Every handler should implement the following interface:

Function Parameters Return Description
scan asset (Object) Object Performs the main work of the asset handler in identifying relevant metadata and other information for a root asset specified by asset. It is assumed that each handler will recursively process all descendant assets. Each handler will add an object to the metadata collection, if it handles the specified asset. This is expected to include an id attribute that is the value of id().
id (None) string Returns a descriptive identifier for the handler, used to track which handler produced specific results.

Asset Metadata

Multiple elements can be looked at, which can vary by asset type. For example, what we look at for a folder would differ from a Python code file, and those would differ from a web service/API or a database. Understanding then that metadata is going to be both flowing and growing for each type of asset, here are some of the things we are looking for.

Python Code Files

We collect 3 categories of metadata for Python code files:

Inputs

Category Example Functions Data Type
Figures/images imread figure
Pandas read_* data
Python I/O open data

Outputs

Category Example Functions Data Type
Figures/images - PyPlot, ImageMagick savefig, imwrite figure
Pandas to_* data
Python I/O open

Libraries

Packages and modules, including aliases

R Code Files

We collect 3 categories of metadata for R code files:

Inputs

Category Example Functions Data Type
R data import read.* data
readr read_* data
R connections file, bzfile data
Source source code

Outputs

Category Example Functions Data Type
R plots pdf, png figure
ggplot ggsave figure
R data export write.* data
readr write_* data
R connections file, bzfile data

Libraries

Regular library includes

SAS Code Files

We collect 3 categories of metadata for SAS code files:

Inputs

Category Example Functions Data Type
SAS PROC PROC IMPORT data
SAS infile infile data

Outputs

Category Example Functions Data Type
ODS figures ODS PDF, ODS PS figure
ODS data ODS CSV, ODS HTML data
SAS PROC PROC EXPORT data

Libraries

References to macros and libraries via path or via fileref.

Stata Code Files

We collect 3 categories of metadata for Stata code files:

Inputs

Category Example Functions Data Type
Stata imports import excel, infile data

Outputs

Category Example Functions Data Type
Stata graph graph export figure
Stata logs log using log
Stata export export excel, outfile data
Document export putdocx, putpdf data
estout package estout using data
table1 package table1 saving data

Libraries

External programs and plugins, and references to Do files to run via another script.

Asset Groups

By default StatWrap mimics the traditional hierarchical file system view. However, we realize that not all assets will be within a single file system (or may not even be files / folders). Also, we want to allow users to establish other groups of assets that make sense to them. Asset Groups will be a way for users to do this, and StatWrap will store these within the Project metadata.

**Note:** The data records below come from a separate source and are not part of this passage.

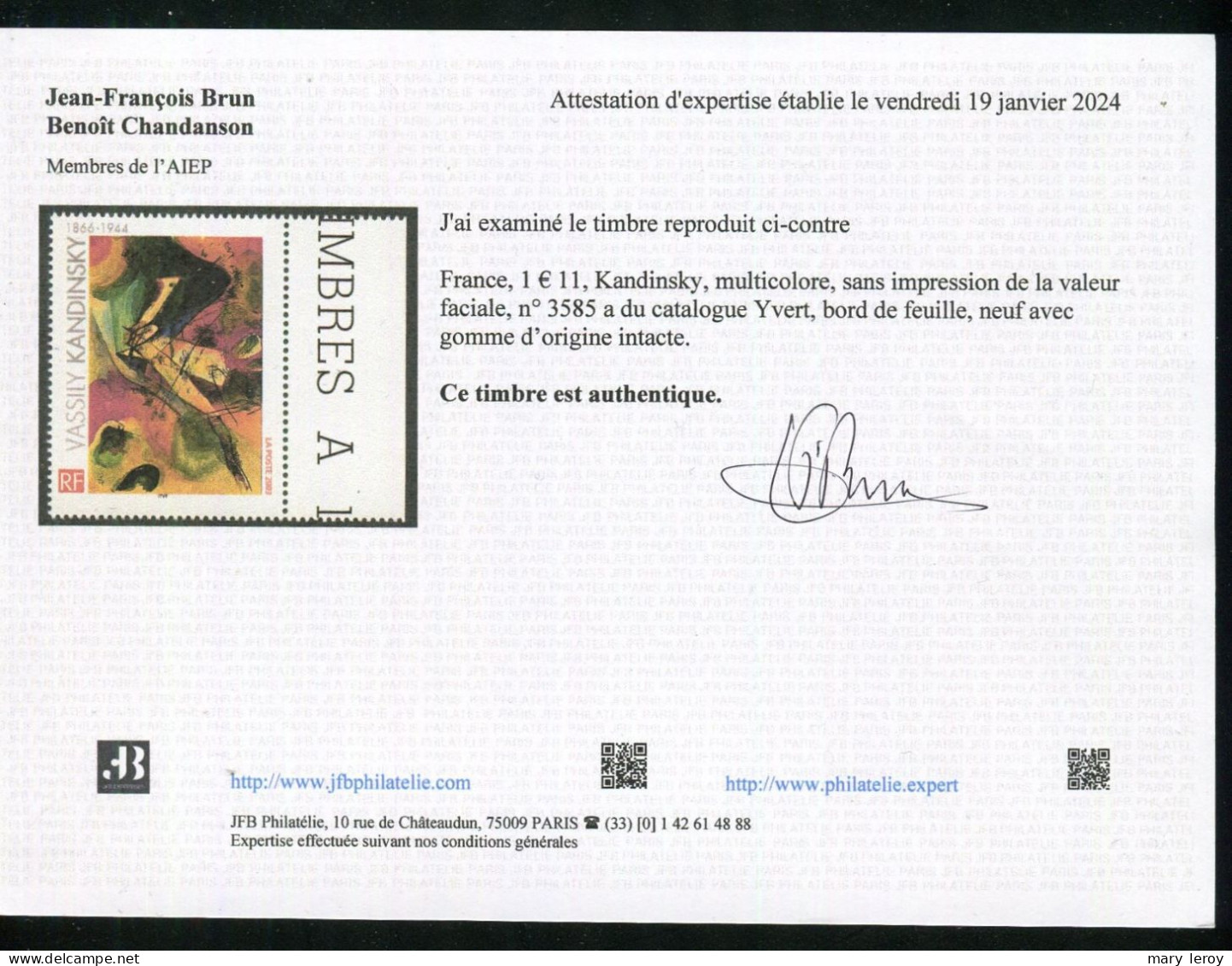 Rarissime N° 3585a Kandinsky Sans La Valeur Faciale - Certificat Brun - Unused Stamps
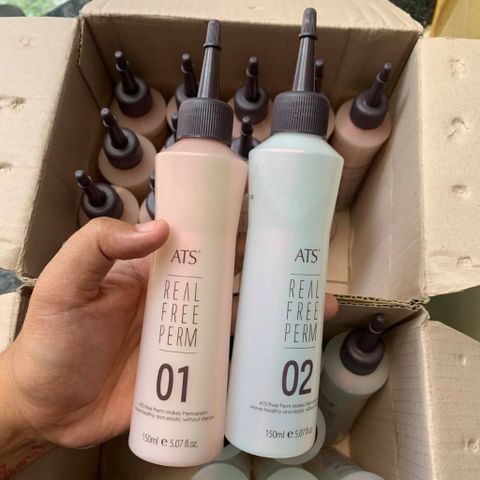 Thuốc uốn lạnh tại nhà ATS siêu xoăn nhẹ mùi 150ml x2 - Tặng kèm phụ kiện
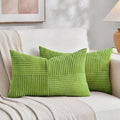 Fancy Homi Set of 2 Lime Green Lumbar Decorative Throw Pillow Covers 14x24 Inch for Couch Bed, Modern Farmhouse Boho Home Decor, Soft Striped Corduroy Rectangle Accent Cushion Case 35x60 cm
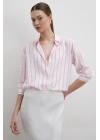V Yaka Çizgili Modal Gömlek Pembe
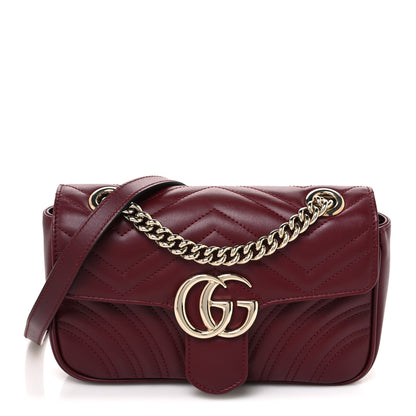 Gucci Calfskin Matelasse Mini GG Marmont Shoulder Bag Rosso Ancora 1 of 10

For a project, the asset groups will be stored as part of an array within the assetGroups attribute, and each object will have the following structure:

Item Type Description
id uuid A generated unique identifier for the asset group within the project
name string The display name of the asset group. Within the user interface we will require the user to make this unique to avoid confusion.
details string User-provided details and description of what the asset group contains/represents
assets array Array of asset URIs that are part of the group. Assets that are related to file system objects will be converted to relative paths for portability.